■ WHAT TO DO
List each line of the data in which the string "overview" appears.

━━━━━ EXTRACTED ENTRIES

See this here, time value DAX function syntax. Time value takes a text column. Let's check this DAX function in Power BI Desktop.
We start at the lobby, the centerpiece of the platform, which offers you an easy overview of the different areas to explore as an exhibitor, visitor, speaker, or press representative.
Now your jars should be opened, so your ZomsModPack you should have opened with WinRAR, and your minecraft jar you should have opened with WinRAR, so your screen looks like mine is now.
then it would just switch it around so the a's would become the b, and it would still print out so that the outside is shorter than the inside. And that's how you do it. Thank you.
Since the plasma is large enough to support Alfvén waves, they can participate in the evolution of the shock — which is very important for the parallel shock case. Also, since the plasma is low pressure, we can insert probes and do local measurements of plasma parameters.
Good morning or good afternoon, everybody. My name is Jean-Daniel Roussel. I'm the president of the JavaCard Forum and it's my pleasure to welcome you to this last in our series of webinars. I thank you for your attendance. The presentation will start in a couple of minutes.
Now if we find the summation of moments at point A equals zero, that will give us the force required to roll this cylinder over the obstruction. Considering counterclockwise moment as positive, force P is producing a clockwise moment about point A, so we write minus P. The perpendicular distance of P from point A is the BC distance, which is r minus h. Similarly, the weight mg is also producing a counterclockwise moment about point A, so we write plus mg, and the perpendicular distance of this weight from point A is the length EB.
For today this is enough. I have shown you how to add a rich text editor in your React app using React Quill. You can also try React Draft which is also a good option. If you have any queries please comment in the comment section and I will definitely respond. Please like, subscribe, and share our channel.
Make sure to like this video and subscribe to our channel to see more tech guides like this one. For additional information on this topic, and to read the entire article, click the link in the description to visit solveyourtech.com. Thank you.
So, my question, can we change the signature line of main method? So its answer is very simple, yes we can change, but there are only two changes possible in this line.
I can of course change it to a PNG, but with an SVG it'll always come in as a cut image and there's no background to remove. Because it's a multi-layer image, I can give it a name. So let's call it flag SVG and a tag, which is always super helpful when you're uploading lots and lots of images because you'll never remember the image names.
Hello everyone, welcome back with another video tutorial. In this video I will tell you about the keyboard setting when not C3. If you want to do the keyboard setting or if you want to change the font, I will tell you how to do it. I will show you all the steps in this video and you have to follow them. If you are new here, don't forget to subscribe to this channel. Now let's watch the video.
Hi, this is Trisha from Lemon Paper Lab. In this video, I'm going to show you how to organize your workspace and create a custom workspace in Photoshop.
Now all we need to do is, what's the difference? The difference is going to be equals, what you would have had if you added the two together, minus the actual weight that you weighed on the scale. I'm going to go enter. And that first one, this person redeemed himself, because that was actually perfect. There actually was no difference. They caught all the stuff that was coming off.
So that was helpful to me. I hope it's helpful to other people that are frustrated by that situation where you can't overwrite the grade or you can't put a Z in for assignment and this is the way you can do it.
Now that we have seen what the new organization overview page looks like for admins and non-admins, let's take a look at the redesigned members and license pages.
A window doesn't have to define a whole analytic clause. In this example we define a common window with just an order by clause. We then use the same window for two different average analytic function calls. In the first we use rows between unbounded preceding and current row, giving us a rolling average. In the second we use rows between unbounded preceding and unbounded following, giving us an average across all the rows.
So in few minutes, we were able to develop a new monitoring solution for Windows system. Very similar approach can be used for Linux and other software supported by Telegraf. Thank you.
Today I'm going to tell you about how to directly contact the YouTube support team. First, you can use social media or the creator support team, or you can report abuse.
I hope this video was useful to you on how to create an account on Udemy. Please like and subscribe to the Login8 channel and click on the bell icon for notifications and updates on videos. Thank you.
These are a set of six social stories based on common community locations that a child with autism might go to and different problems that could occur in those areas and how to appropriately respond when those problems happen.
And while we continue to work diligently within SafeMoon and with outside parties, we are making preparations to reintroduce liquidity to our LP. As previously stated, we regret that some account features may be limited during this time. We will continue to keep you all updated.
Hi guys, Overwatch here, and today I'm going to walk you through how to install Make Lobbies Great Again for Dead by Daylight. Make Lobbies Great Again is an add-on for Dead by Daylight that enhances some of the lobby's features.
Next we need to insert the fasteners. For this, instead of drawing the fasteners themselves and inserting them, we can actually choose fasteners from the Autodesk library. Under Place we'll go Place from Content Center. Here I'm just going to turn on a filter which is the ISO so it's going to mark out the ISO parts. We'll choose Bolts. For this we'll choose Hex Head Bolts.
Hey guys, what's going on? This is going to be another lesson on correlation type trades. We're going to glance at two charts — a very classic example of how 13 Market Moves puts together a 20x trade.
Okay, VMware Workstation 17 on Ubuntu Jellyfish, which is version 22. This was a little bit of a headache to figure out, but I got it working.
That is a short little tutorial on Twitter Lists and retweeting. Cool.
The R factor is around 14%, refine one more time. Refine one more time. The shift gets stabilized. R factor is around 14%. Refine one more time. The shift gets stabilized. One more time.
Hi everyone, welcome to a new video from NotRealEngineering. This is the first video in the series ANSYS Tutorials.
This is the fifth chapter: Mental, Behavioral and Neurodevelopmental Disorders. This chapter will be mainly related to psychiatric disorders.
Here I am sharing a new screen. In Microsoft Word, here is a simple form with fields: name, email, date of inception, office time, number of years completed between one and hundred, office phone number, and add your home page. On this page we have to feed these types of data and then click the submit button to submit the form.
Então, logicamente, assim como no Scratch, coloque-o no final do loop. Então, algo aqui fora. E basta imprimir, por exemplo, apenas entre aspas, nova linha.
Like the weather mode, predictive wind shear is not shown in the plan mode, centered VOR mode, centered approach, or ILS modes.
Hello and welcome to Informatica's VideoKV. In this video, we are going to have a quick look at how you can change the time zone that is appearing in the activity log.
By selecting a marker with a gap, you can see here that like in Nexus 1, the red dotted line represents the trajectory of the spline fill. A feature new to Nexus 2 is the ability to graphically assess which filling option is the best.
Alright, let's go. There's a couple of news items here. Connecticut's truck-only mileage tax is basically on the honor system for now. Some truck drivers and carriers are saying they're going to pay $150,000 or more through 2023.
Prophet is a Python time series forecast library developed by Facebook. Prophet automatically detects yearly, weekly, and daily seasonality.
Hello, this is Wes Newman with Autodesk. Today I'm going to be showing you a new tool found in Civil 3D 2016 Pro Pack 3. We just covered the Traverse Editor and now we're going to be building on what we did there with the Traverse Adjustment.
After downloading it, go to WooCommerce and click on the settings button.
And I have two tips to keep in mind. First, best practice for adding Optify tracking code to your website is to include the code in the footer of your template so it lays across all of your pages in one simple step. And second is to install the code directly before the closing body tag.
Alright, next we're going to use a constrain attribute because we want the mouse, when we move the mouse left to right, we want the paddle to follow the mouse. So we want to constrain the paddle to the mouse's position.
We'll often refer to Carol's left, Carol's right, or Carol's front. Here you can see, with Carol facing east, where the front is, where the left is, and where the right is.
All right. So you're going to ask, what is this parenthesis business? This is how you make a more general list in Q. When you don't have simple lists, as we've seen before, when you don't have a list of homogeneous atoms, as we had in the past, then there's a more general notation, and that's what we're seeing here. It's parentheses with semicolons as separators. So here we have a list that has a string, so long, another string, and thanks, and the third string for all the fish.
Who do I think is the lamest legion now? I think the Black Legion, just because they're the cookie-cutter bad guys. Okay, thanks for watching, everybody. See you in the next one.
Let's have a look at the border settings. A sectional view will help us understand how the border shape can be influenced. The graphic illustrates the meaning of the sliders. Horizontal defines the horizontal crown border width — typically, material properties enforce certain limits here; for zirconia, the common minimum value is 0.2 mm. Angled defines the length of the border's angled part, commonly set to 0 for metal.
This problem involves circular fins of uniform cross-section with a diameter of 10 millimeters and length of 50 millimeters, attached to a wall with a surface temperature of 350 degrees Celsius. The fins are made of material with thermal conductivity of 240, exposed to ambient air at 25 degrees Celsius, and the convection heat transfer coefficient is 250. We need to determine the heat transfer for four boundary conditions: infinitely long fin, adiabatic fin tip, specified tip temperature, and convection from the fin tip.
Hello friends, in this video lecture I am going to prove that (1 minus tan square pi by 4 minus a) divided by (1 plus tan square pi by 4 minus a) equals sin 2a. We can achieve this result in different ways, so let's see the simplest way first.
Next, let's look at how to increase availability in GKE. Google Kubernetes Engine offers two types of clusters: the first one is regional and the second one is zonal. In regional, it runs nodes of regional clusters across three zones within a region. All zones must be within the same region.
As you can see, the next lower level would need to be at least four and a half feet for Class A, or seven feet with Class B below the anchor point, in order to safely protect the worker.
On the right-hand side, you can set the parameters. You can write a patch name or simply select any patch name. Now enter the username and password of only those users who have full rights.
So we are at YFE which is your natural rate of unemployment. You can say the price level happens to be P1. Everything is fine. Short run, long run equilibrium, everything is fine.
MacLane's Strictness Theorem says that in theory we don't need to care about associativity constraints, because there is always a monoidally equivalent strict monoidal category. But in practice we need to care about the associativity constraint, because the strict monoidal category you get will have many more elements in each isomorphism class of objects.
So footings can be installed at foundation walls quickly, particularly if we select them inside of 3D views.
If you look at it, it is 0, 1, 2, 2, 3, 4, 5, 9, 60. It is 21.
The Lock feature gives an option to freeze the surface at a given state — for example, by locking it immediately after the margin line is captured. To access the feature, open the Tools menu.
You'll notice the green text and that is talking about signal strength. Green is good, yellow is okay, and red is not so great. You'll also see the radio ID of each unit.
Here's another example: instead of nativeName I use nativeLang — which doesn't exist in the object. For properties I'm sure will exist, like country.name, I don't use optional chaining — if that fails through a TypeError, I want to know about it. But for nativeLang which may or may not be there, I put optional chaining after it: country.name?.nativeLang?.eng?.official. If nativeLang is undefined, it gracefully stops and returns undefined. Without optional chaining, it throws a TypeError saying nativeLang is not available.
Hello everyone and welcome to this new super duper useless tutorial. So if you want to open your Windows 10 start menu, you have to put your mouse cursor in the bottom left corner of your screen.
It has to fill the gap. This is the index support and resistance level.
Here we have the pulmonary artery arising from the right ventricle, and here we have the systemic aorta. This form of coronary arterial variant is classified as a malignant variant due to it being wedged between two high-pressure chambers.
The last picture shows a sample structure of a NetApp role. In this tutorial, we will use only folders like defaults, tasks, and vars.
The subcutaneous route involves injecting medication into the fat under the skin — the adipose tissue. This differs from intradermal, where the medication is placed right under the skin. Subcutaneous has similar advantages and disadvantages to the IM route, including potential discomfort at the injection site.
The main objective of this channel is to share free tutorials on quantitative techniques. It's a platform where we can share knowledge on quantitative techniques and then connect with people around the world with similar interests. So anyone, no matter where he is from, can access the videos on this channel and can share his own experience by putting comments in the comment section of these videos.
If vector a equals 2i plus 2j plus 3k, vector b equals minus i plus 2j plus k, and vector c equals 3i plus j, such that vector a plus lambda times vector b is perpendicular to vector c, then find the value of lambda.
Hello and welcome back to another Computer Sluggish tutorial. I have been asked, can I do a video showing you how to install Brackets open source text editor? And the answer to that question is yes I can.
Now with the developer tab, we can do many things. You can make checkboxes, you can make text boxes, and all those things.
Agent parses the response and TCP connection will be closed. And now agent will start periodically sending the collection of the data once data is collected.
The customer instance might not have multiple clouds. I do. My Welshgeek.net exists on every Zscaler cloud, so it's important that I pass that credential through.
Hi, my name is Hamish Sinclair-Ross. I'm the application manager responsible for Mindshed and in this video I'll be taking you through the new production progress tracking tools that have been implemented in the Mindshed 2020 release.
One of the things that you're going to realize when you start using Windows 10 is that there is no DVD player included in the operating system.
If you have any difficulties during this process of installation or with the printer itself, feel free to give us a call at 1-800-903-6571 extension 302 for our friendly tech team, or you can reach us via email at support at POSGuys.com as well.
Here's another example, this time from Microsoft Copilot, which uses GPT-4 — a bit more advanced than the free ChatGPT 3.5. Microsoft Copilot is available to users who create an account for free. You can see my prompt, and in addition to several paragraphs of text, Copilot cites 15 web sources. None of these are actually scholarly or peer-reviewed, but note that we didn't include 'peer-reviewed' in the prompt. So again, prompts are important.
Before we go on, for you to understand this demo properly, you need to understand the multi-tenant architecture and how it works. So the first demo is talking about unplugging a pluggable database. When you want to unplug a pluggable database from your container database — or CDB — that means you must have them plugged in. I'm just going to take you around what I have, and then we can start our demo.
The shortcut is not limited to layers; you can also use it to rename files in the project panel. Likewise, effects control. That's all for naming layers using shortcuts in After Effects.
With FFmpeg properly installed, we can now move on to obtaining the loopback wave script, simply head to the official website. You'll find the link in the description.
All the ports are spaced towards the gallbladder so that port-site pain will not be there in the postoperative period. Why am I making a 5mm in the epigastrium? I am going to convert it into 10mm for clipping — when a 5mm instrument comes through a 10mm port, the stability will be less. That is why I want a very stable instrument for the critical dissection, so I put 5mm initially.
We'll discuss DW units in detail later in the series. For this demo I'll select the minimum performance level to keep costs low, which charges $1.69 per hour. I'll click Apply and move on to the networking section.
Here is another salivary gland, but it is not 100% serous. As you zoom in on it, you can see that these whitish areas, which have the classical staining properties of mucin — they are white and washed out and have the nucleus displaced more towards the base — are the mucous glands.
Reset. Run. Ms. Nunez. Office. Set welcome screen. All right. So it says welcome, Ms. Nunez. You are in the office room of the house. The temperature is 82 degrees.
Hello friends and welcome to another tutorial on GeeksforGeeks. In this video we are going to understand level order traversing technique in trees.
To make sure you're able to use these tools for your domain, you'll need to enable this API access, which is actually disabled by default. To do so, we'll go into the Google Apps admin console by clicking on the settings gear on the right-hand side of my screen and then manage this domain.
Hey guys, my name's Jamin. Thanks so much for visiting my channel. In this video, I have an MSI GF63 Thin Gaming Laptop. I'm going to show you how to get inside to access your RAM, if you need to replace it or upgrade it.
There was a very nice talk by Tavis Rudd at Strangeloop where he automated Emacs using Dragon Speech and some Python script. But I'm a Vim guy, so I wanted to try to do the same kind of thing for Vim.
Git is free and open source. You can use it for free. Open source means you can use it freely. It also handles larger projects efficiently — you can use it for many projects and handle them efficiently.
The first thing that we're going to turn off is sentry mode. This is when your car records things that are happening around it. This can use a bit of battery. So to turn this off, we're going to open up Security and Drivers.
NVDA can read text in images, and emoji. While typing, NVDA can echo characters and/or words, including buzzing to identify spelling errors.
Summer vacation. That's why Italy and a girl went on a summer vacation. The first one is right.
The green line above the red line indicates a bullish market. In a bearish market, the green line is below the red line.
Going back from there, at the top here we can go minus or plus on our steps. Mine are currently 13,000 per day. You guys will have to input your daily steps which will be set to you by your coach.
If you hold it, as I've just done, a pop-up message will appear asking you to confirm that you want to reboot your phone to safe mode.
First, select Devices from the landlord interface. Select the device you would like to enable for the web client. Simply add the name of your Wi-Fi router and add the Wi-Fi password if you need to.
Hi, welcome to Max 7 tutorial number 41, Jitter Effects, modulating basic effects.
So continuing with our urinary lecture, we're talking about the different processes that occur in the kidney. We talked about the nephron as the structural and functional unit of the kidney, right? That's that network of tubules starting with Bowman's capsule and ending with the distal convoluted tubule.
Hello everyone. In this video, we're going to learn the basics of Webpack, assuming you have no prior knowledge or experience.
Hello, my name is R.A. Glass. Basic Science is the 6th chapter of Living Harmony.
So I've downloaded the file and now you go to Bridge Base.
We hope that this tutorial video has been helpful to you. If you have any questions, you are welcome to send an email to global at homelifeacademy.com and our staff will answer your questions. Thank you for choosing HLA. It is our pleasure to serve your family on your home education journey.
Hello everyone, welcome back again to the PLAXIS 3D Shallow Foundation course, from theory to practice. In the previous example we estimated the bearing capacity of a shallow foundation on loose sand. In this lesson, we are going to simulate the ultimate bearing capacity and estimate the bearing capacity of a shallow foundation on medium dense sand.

━━━━━━━━━━

■ TASK RESPONSE
We start at the lobby, the centerpiece of the platform, which offers you an easy overview of the different areas to explore as an exhibitor, visitor, speaker, or press representative.
Now that we have seen what the new organization overview page looks like for admins and non-admins, let's take a look at the redesigned members and license pages.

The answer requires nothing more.